# I think Im becoming a cat lady for chickens



## biobacon (Aug 20, 2012)

So last night I picked up some ducks from some one who didnt want them anymore and today my wife comes home and tells me that people are coming over with chickens they cant keep any more. So I wanted 3-4 chickens and now I have 14 chickens and ducks. If we cant find them some where to go in 3 weeks Im having roasted chicken. They did bring over a silver Wyndot. Im keeping her


----------



## Grimm (Sep 5, 2012)

I warned you about chicken math.


----------



## biobacon (Aug 20, 2012)

Grimm said:


> I warned you about chicken math.


For a second a read chicken meth. Maybe same thing? LOL


----------



## Grimm (Sep 5, 2012)

BTW you can house ducks and chickens together if both space and needs are met.


----------



## crabapple (Jan 1, 2012)

My son is getting three trio of turkeys, each trio is a different breed.
He also getting more chicks.


----------



## Cotton (Oct 12, 2013)

biobacon said:


> So last night I picked up some ducks from some one who didnt want them anymore and today my wife comes home and tells me that people are coming over with chickens they cant keep any more. So I wanted 3-4 chickens and now I have 14 chickens and ducks. If we cant find them some where to go in 3 weeks Im having roasted chicken. They did bring over a silver Wyndot. Im keeping her


Wish I lived closer... This week a raccoon got the last of the 4 hens I hatched out last summer. It'll be September before the chicks I got at tractor supply start laying... They have their wing feathers now... 3 weeks old.
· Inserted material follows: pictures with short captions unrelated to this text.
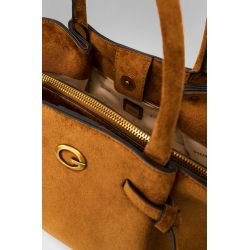 Sac à MainAllegra Effet Daim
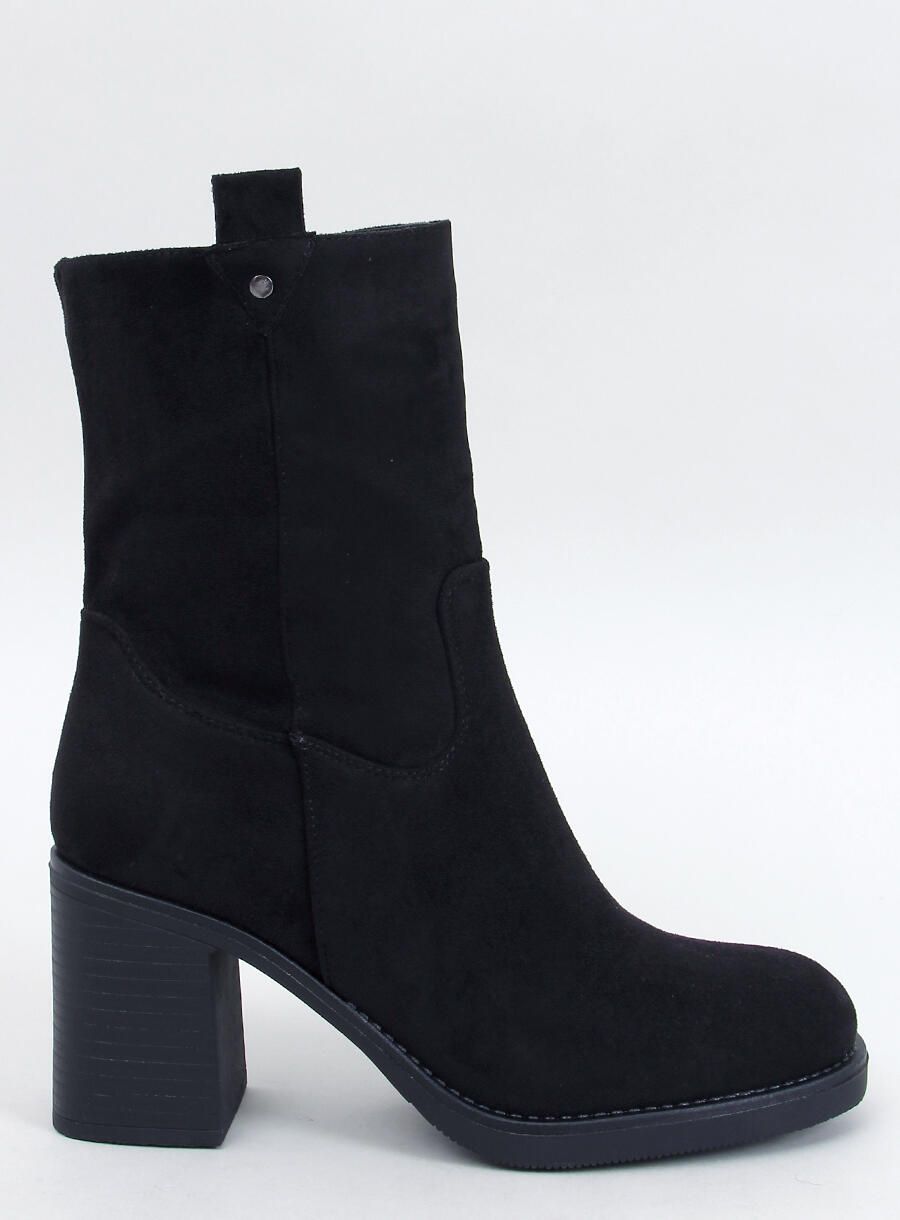 Černé semišové kozačky ROXY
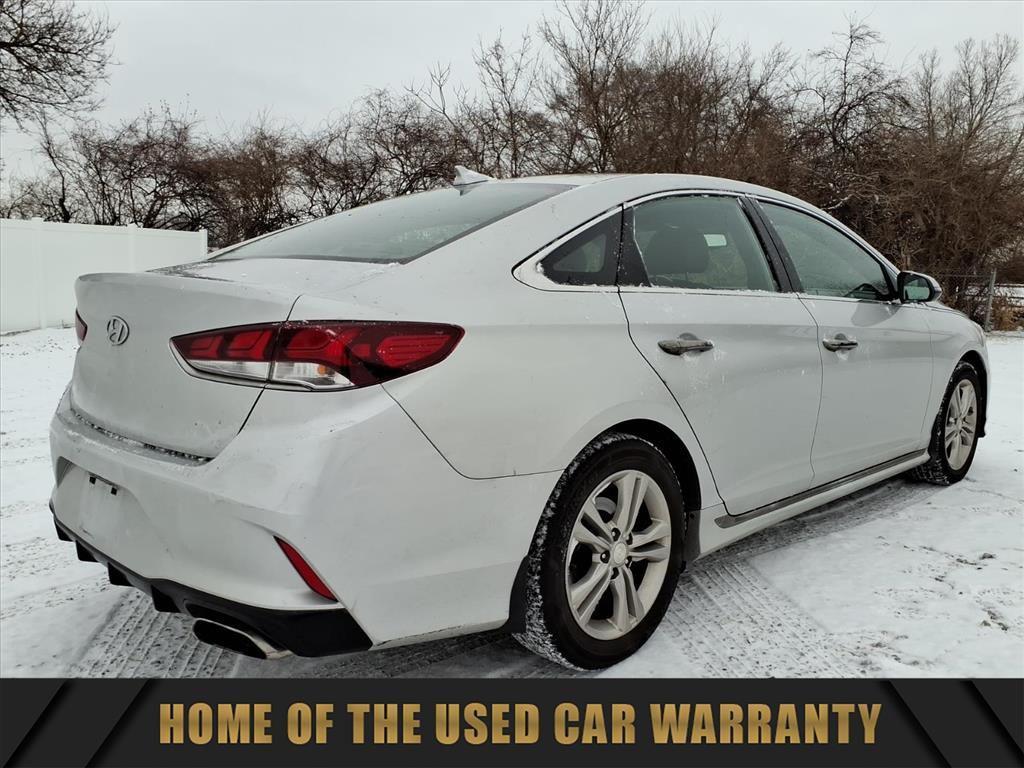 used 2019 Hyundai Sonata car, priced at $13,733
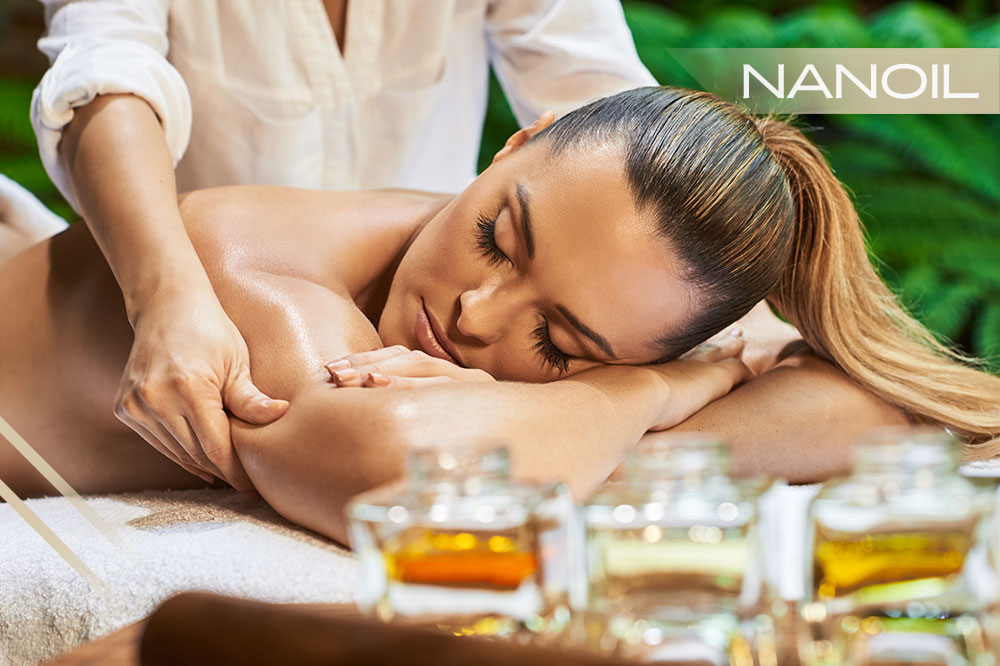 Körpermassage mit natürlichen Ölen. Welche Öle sind am besten zur Massage?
Today I had to buy a dozen eggs from a neighbor...


----------



## Grimm (Sep 5, 2012)

Cotton said:


> Wish I lived closer... This week a raccoon got the last of the 4 hens I hatched out last summer. It'll be September before the chicks I got at tractor supply start laying... They have their wing feathers now... 3 weeks old.
> 
> Today I had to buy a dozen eggs from a neighbor...


Have you ever tried the heating pad mama method of brooding? I am trying it with the chicks I got on Tuesday. One of my girls already has tail feathers coming in! They hatched Monday.


----------



## UncleJoe (Jan 11, 2009)

Grimm said:


> BTW you can house ducks and chickens together if both space and needs are met.


We had the ducks and chickens living together all winter while the pond was frozen.


----------



## Stillmeadow (Apr 25, 2016)

Just like potatoe chips!


----------